In this case we use the parse_dates keyword to parse the timestamp column to be a datetime. This will make things more efficient in the future. Notice that the dtype of the timestamp column has changed from object to datetime64[ns].
[13]:
df = dd.read_csv('data/2000-*-*.csv', parse_dates=['timestamp'])
df
[13]:
| timestamp | id | name | x | y | |
|---|---|---|---|---|---|
| npartitions=30 | |||||
| datetime64[ns] | int64 | object | float64 | float64 | |
| ... | ... | ... | ... | ... | |
| ... | ... | ... | ... | ... | ... |
| ... | ... | ... | ... | ... | |
| ... | ... | ... | ... | ... |
Do a simple computation¶
Whenever we operate on our dataframe we read through all of our CSV data so that we don’t fill up RAM. This is very efficient for memory use, but reading through all of the CSV files every time can be slow.
[14]:
%time df.groupby('name').x.mean().compute()
CPU times: user 4.63 s, sys: 596 ms, total: 5.23 s
Wall time: 3.42 s
[14]:
name
Alice -0.002649
Bob 0.001272
Charlie -0.000301
Dan 0.001170
Edith 0.001667
Frank -0.000985
George 0.000672
Hannah 0.001836
Ingrid 0.000011
Jerry 0.001143
Kevin -0.002294
Laura 0.002225
Michael -0.000101
Norbert -0.002274
Oliver 0.000170
Patricia -0.002258
Quinn -0.000271
Ray -0.000726
Sarah 0.000699
Tim 0.001875
Ursula -0.001184
Victor -0.001534
Wendy 0.001203
Xavier 0.001558
Yvonne 0.000056
Zelda -0.001405
Name: x, dtype: float64
[ ]:
Write to Parquet¶
Instead, we’ll store our data in Parquet, a format that is more efficient for computers to read and write.
[15]:
df.to_parquet('data/2000-01.parquet', engine='pyarrow')
[16]:
!ls data/2000-01.parquet/
_common_metadata part.15.parquet part.22.parquet part.2.parquet
_metadata part.16.parquet part.23.parquet part.3.parquet
part.0.parquet part.17.parquet part.24.parquet part.4.parquet
part.10.parquet part.18.parquet part.25.parquet part.5.parquet
part.11.parquet part.19.parquet part.26.parquet part.6.parquet
part.12.parquet part.1.parquet part.27.parquet part.7.parquet
part.13.parquet part.20.parquet part.28.parquet part.8.parquet
part.14.parquet part.21.parquet part.29.parquet part.9.parquet
Read from Parquet¶
[17]:
df = dd.read_parquet('data/2000-01.parquet', engine='pyarrow')
df
[17]:
| timestamp | id | name | x | y | |
|---|---|---|---|---|---|
| npartitions=30 | |||||
| datetime64[ns] | int64 | object | float64 | float64 | |
| ... | ... | ... | ... | ... | |
| ... | ... | ... | ... | ... | ... |
| ... | ... | ... | ... | ... | |
| ... | ... | ... | ... | ... |
[18]:
%time df.groupby('name').x.mean().compute()

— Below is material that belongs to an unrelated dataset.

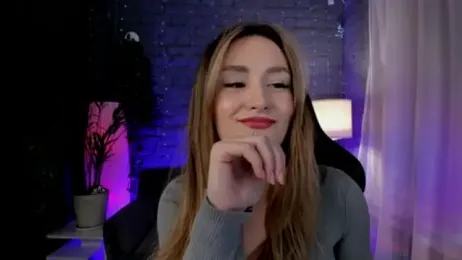 Rosalyin webcam model stream image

CPU times: user 1.46 s, sys: 152 ms, total: 1.61 s
Wall time: 1.08 s
[18]:
name
Alice -0.002649
Bob 0.001272
Charlie -0.000301
Dan 0.001170
Edith 0.001667
Frank -0.000985
George 0.000672
Hannah 0.001836
Ingrid 0.000011
Jerry 0.001143
Kevin -0.002294
Laura 0.002225
Michael -0.000101
Norbert -0.002274
Oliver 0.000170
Patricia -0.002258
Quinn -0.000271
Ray -0.000726
Sarah 0.000699
Tim 0.001875
Ursula -0.001184
Victor -0.001534
Wendy 0.001203
Xavier 0.001558
Yvonne 0.000056
Zelda -0.001405
Name: x, dtype: float64
Select only the columns that you plan to use¶
Parquet is a column-store, which means that it can efficiently pull out only a few columns from your dataset. This is good because it helps to avoid unnecessary data loading.
[19]:
%%time
df = dd.read_parquet('data/2000-01.parquet', columns=['name', 'x'], engine='pyarrow')
df.groupby('name').x.mean().compute()
CPU times: user 1.3 s, sys: 74.8 ms, total: 1.38 s
Wall time: 974 ms
[19]:
name
Alice -0.002649
Bob 0.001272
Charlie -0.000301
Dan 0.001170
Edith 0.001667
Frank -0.000985
George 0.000672
Hannah 0.001836
Ingrid 0.000011
Jerry 0.001143
Kevin -0.002294
Laura 0.002225
Michael -0.000101
Norbert -0.002274
Oliver 0.000170
Patricia -0.002258
Quinn -0.000271
Ray -0.000726
Sarah 0.000699
Tim 0.001875
Ursula -0.001184
Victor -0.001534
Wendy 0.001203
Xavier 0.001558
Yvonne 0.000056
Zelda -0.001405
Name: x, dtype: float64
Here the difference is not that large, but with larger datasets this can save a great deal of time.